# What to do
Begin at the line containing "Soundproof hood 3000/25" in the records below, end at the line containing "Pet Flys Sailor Blue Dog Carrier", and retype each line in that span exactly. No other line and no image should appear.

........

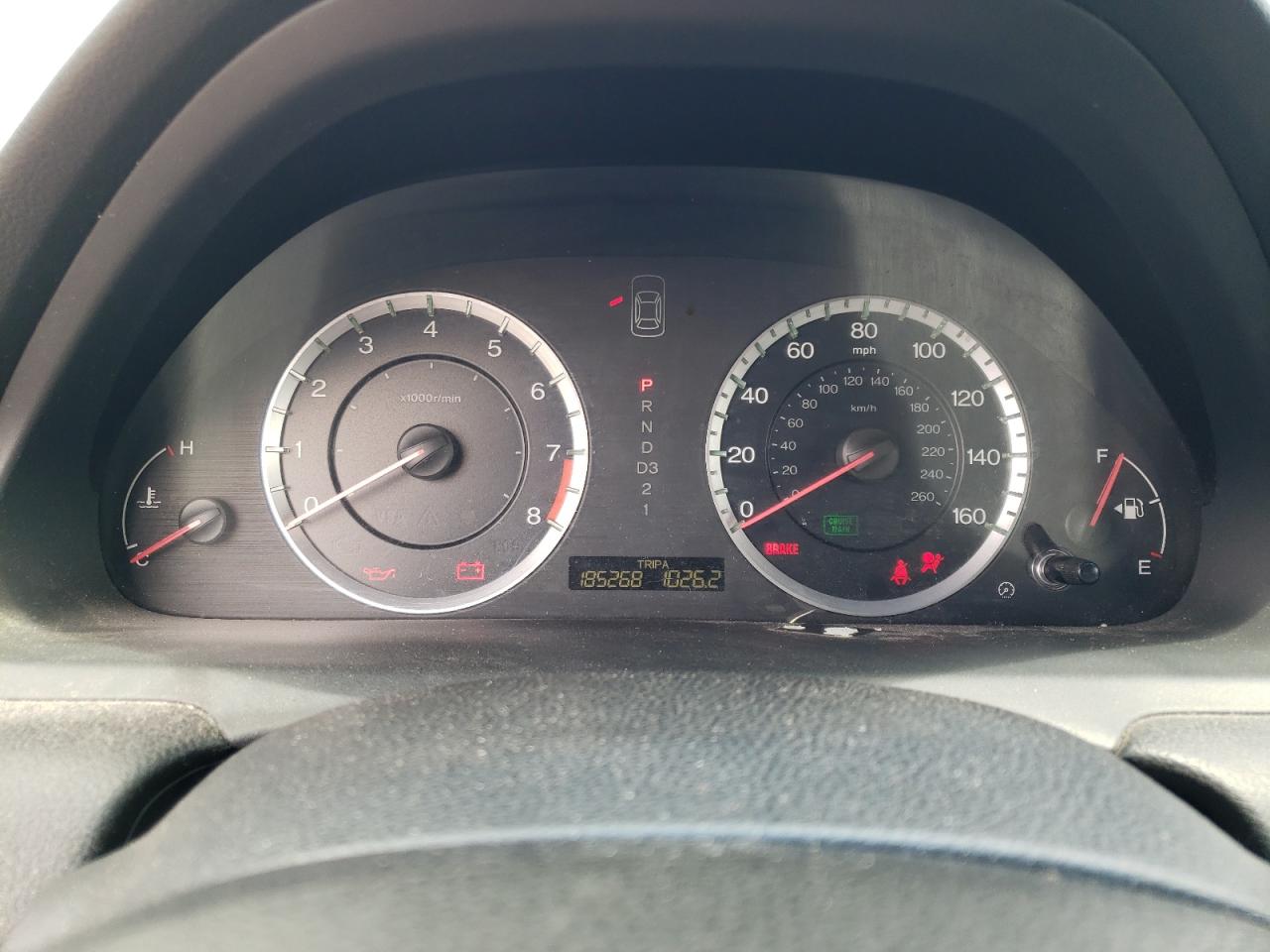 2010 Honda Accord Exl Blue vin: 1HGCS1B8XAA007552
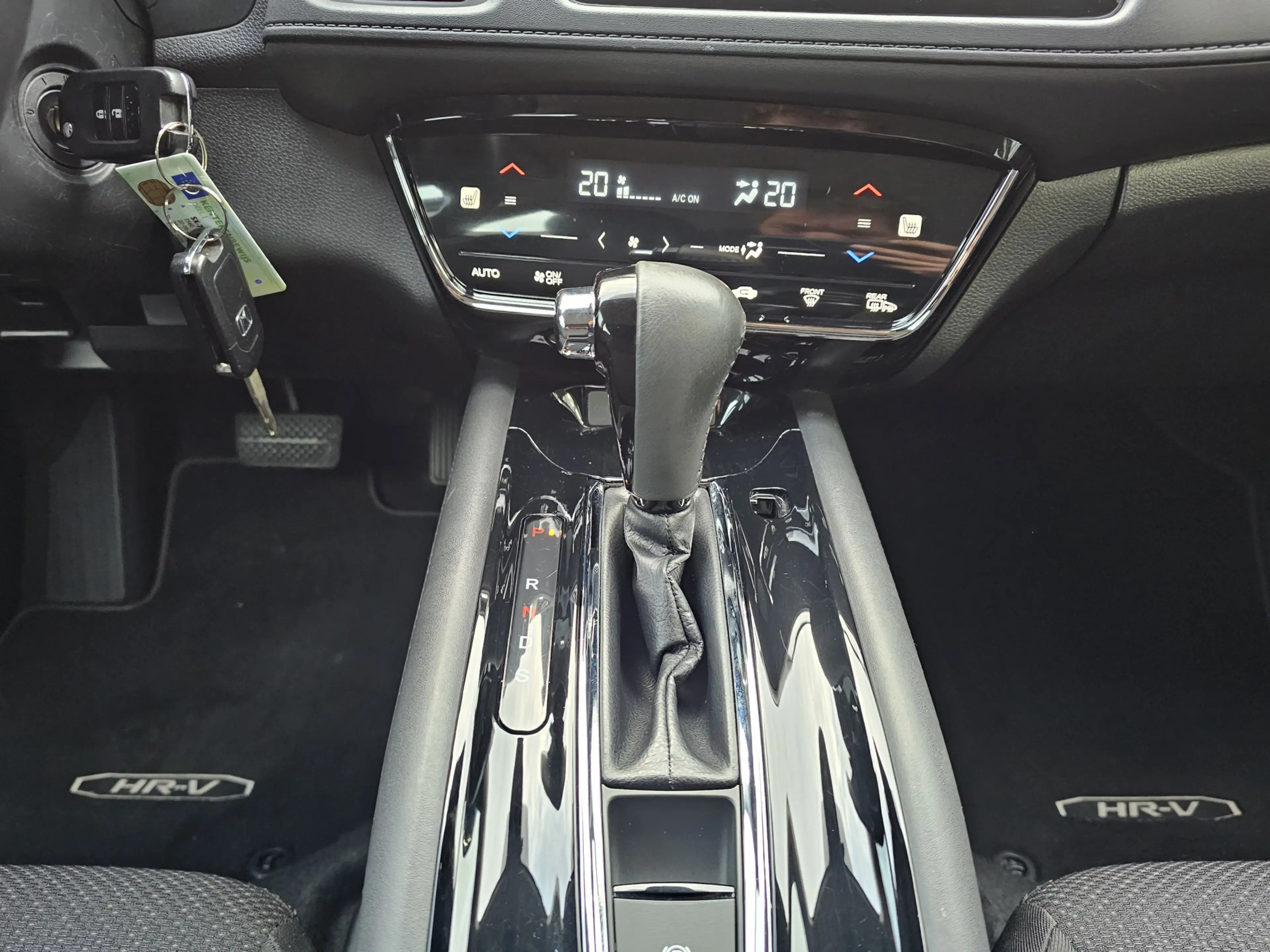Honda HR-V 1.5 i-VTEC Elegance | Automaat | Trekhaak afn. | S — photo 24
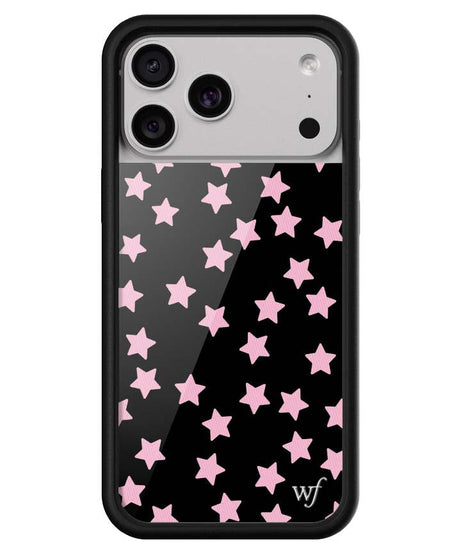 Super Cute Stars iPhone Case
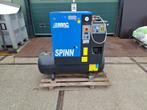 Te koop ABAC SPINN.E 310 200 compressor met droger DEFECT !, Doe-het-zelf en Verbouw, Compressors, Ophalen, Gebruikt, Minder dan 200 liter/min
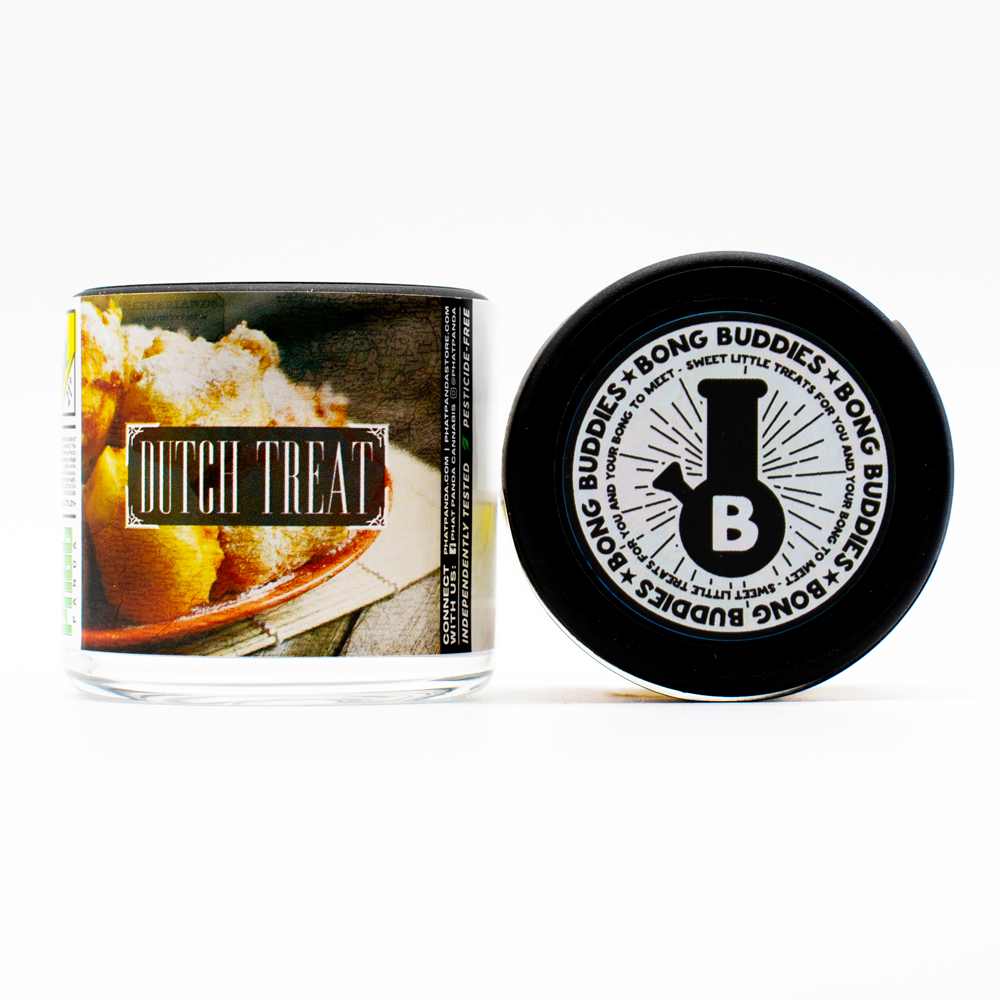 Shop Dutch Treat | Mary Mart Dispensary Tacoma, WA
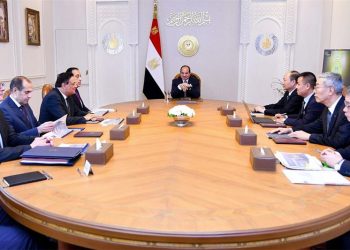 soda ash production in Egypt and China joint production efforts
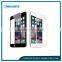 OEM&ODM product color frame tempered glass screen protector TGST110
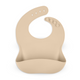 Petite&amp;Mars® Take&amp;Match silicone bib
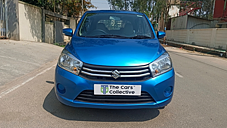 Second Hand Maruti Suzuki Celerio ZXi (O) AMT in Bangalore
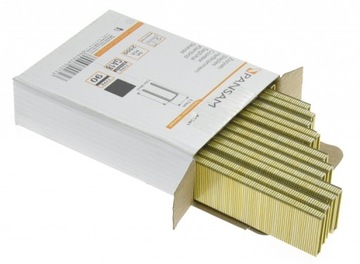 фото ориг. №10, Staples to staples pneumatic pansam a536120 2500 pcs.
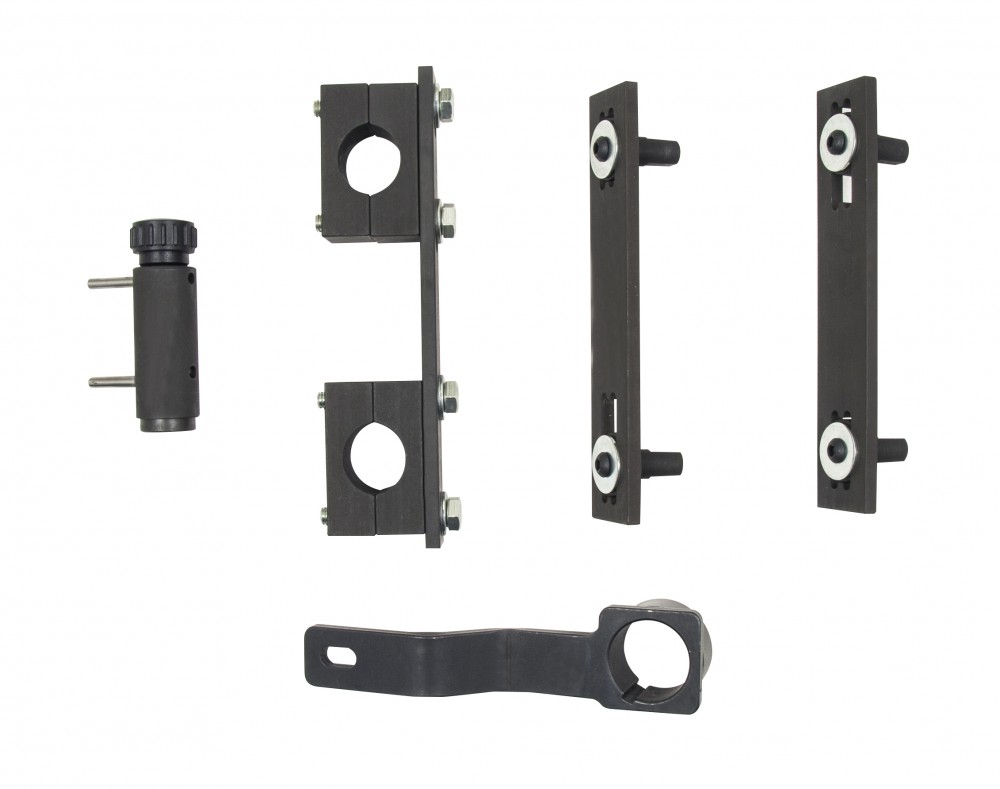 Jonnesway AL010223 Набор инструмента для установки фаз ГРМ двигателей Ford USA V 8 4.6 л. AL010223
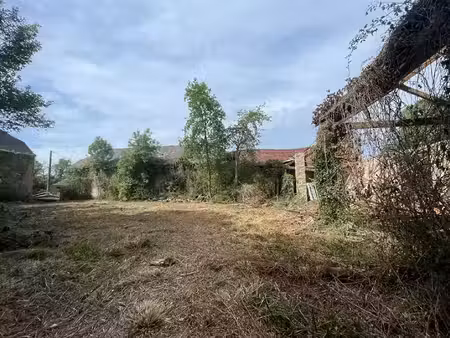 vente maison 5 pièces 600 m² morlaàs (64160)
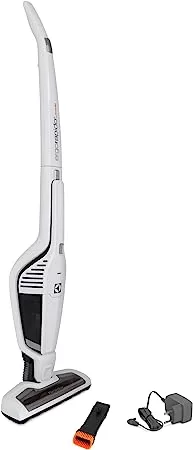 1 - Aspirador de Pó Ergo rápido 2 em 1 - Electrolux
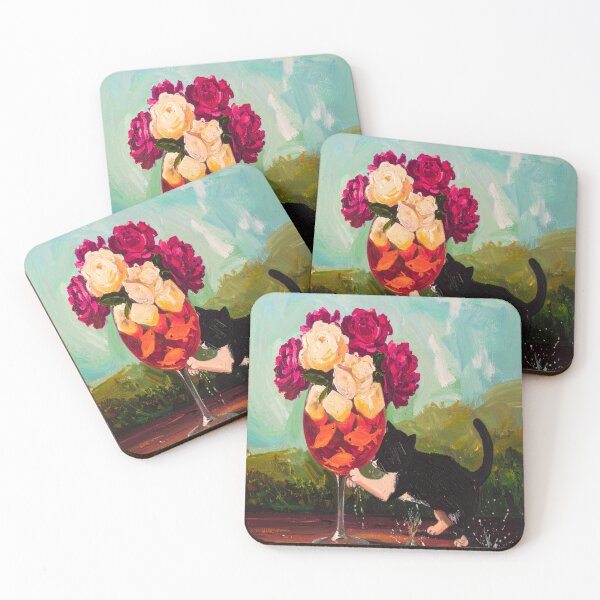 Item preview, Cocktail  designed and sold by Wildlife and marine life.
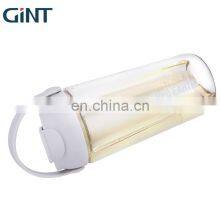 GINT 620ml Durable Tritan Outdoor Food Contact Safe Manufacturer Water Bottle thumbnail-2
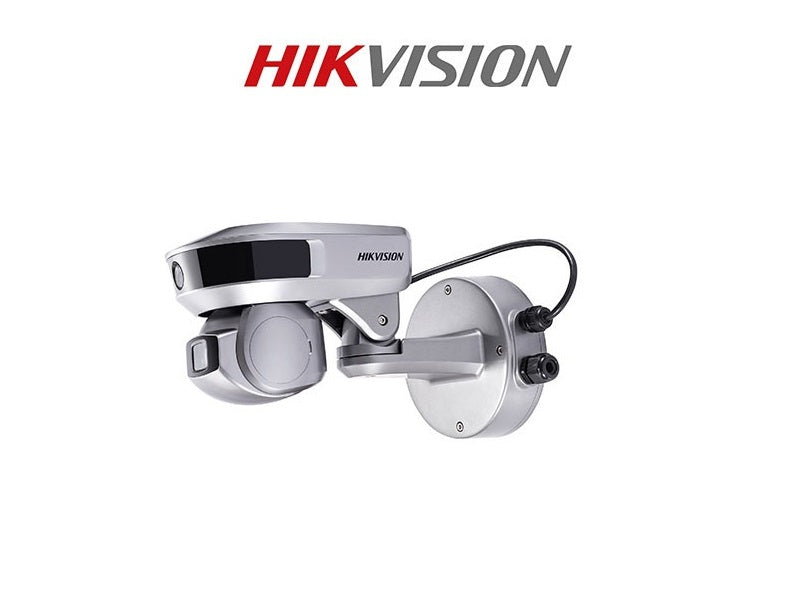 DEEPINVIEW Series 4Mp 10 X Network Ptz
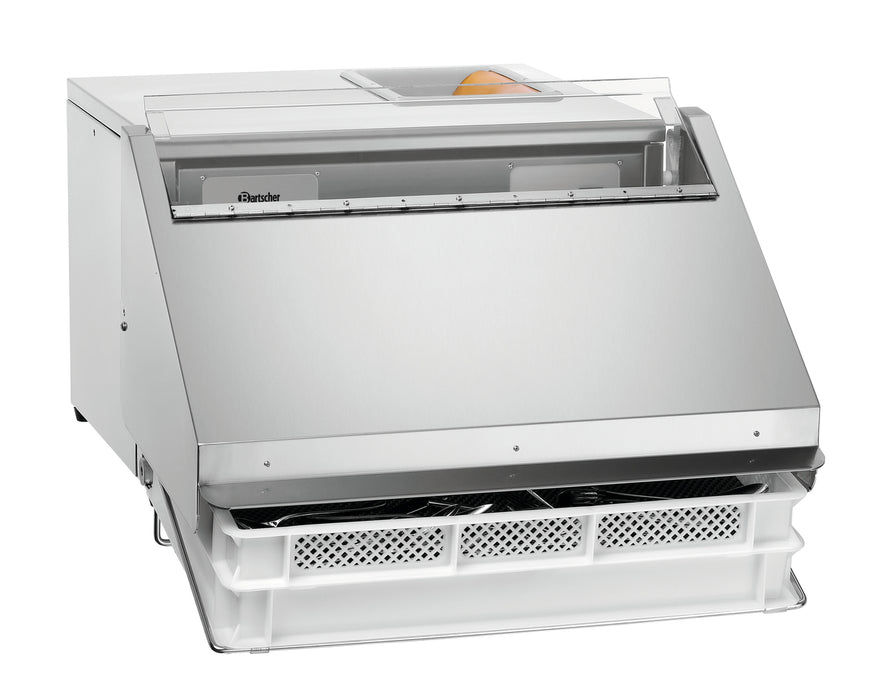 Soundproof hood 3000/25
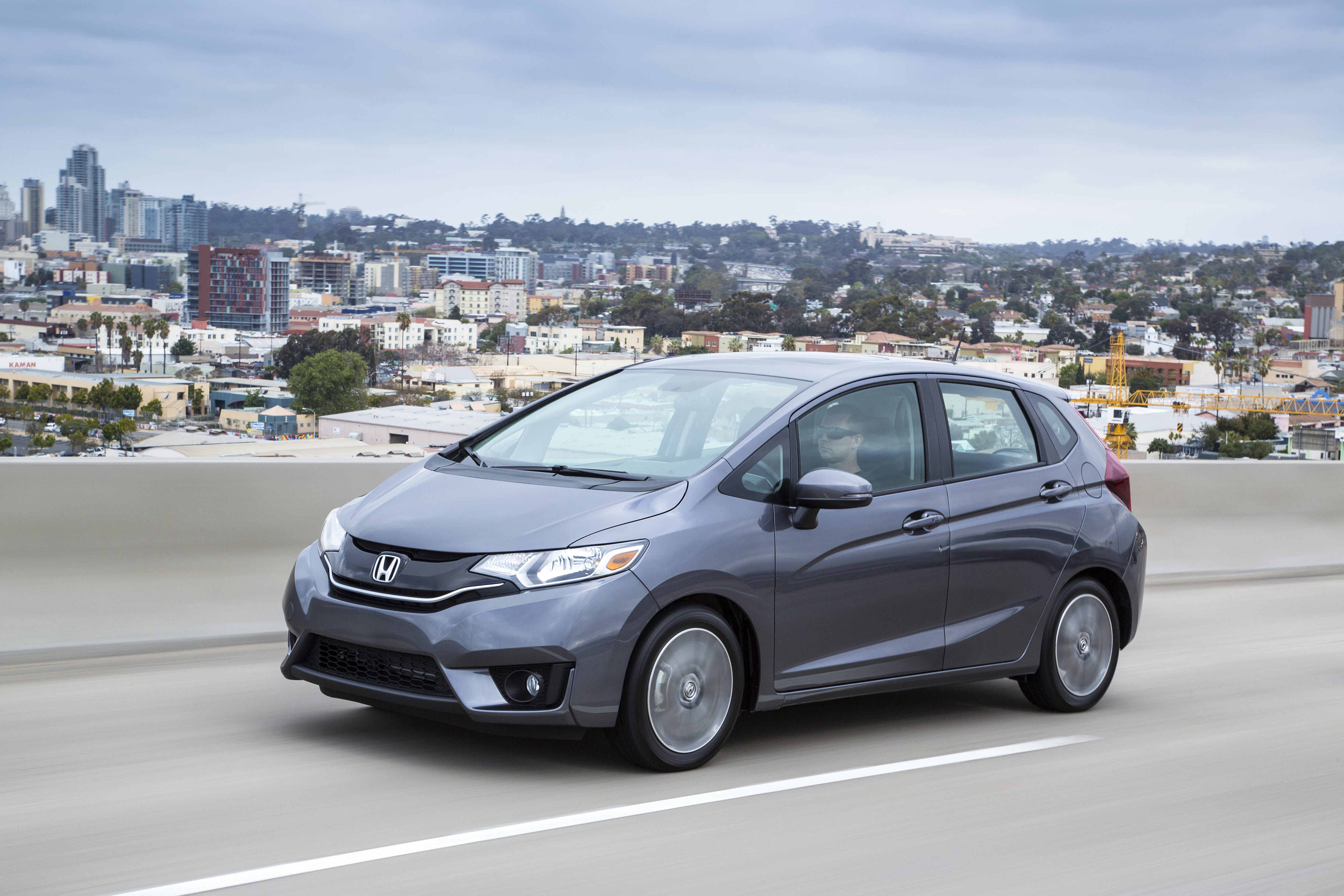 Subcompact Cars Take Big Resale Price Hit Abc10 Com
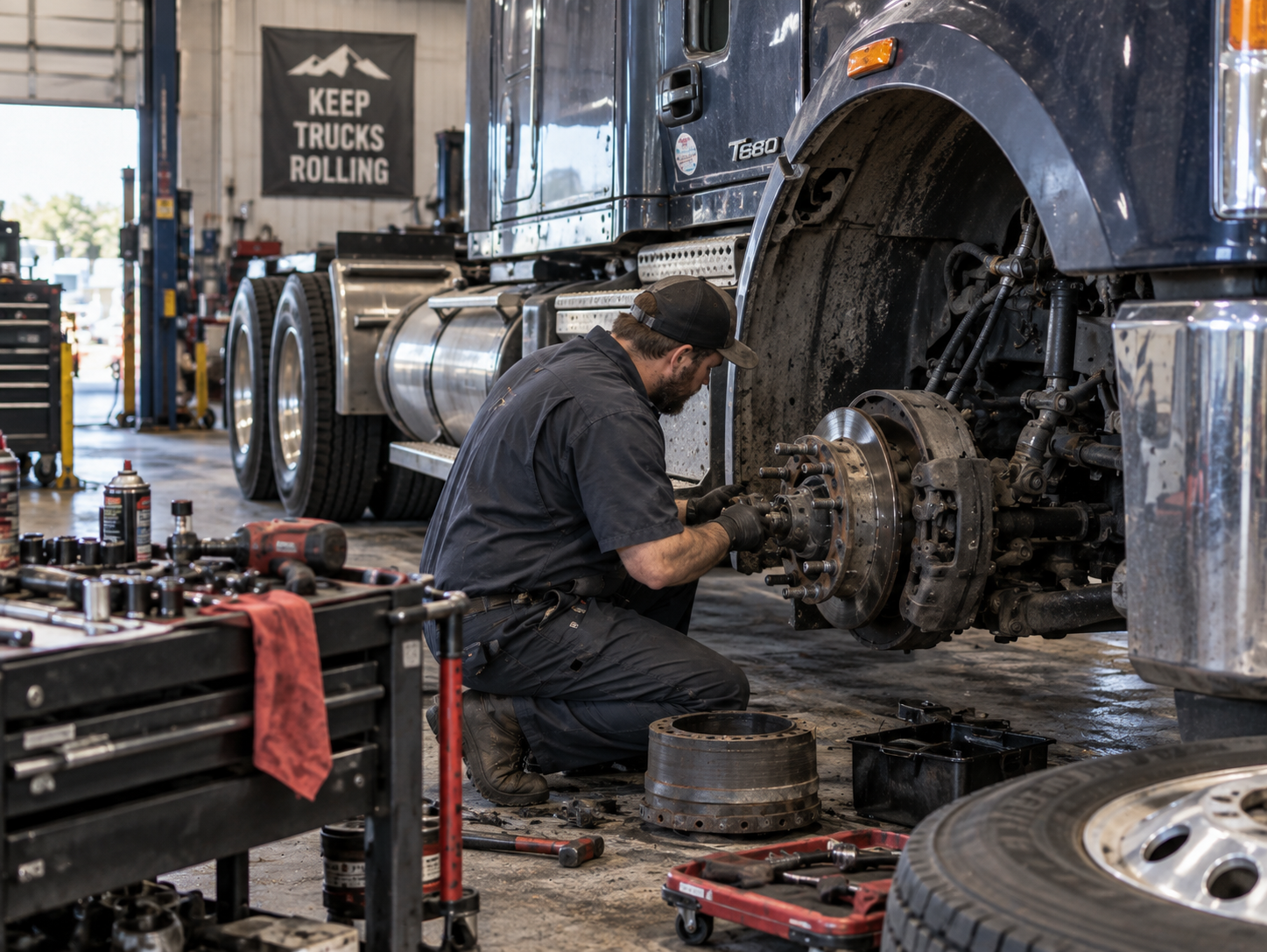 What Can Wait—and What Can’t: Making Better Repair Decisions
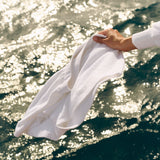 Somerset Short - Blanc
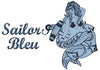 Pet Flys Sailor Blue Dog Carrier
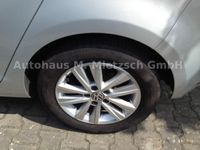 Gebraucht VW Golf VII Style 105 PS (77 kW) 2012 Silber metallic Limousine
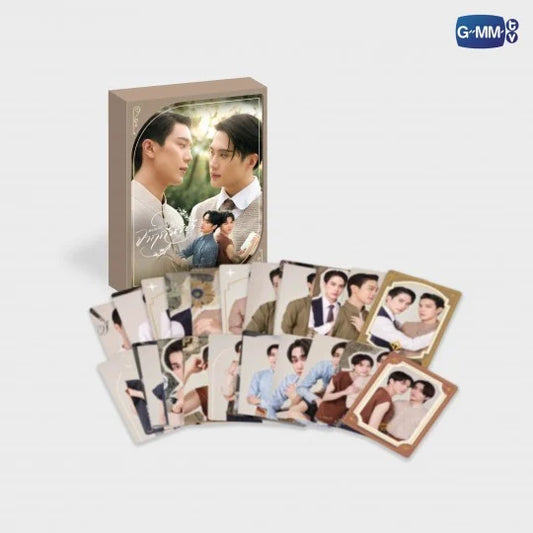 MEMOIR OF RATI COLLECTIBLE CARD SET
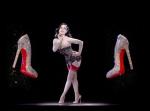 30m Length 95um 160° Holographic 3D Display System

........

# Finished task
 Soundproof hood 3000/25
 Subcompact Cars Take Big Resale Price Hit Abc10 Com
 What Can Wait—and What Can’t: Making Better Repair Decisions
 Somerset Short - Blanc
 Pet Flys Sailor Blue Dog Carrier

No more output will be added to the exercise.